◆ What you need to do:
Copy out the full listing exactly, omitting any picture it contains.

◆ Data shown:
========
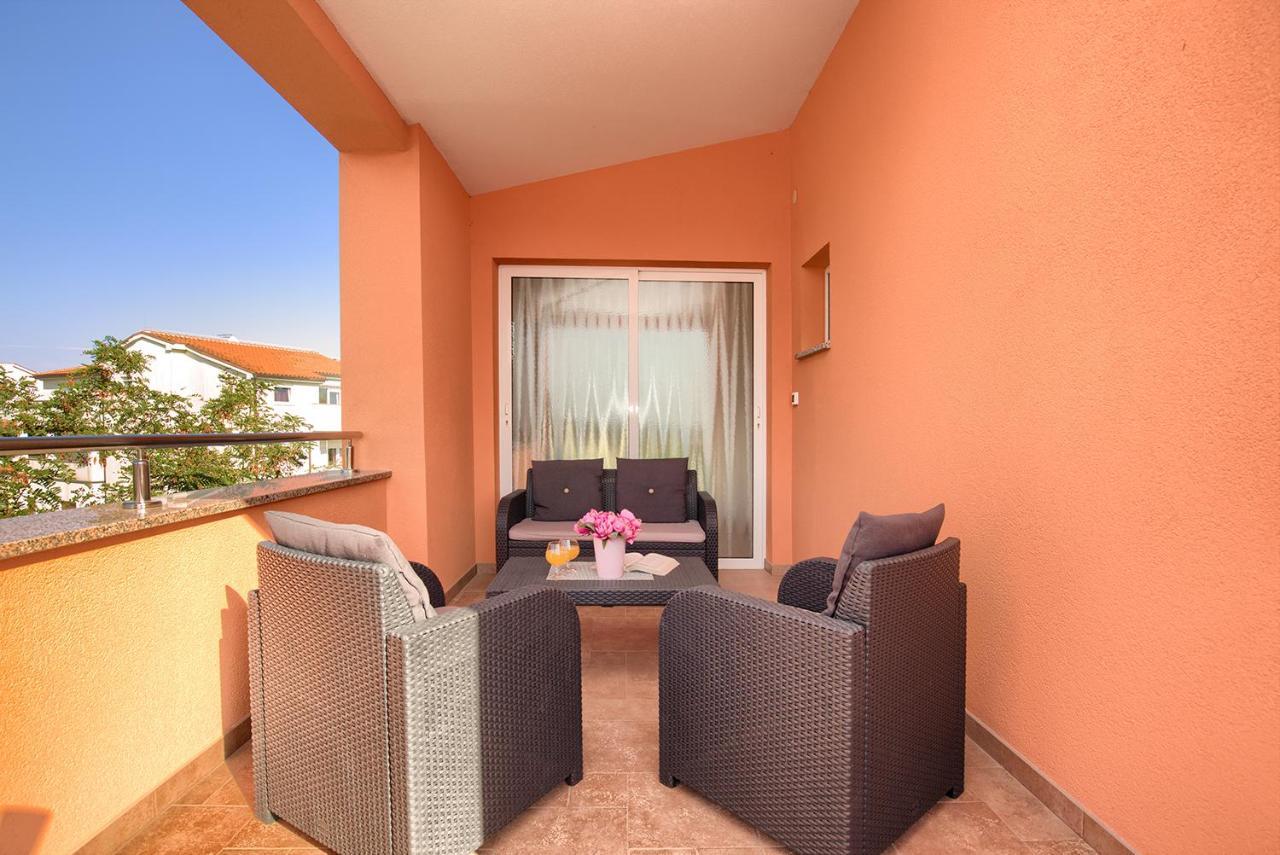 Apartments Orange Medulin Bagian luar foto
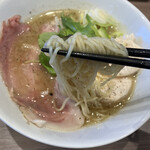 kurokuma食堂 - 全粒粉の細麺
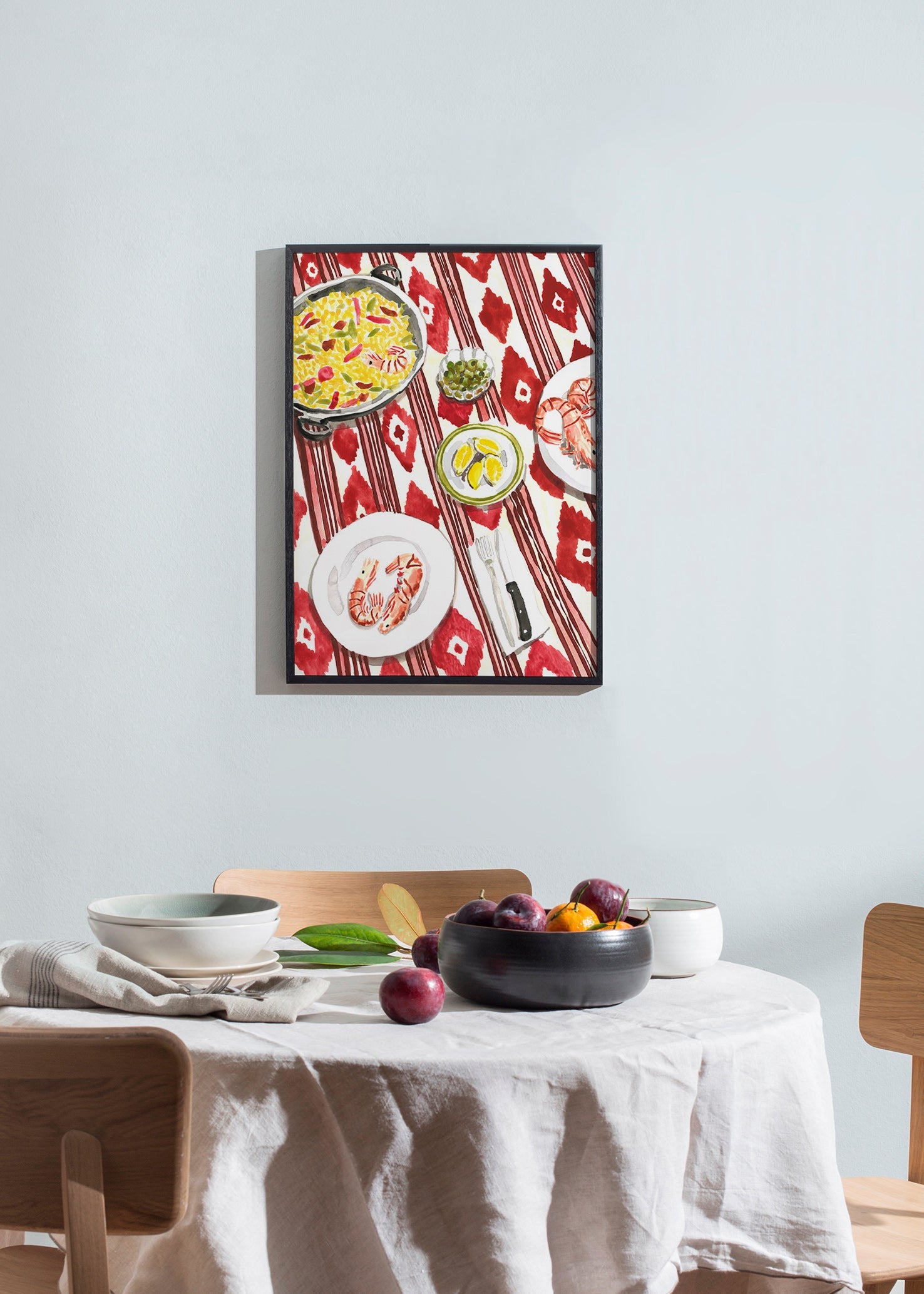 Arte da cucina: paella e gamberi su tovaglia a fantasia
========
◆ Reply:
 Apartments Orange Medulin Bagian luar foto
 kurokuma食堂 - 全粒粉の細麺
 Arte da cucina: paella e gamberi su tovaglia a fantasia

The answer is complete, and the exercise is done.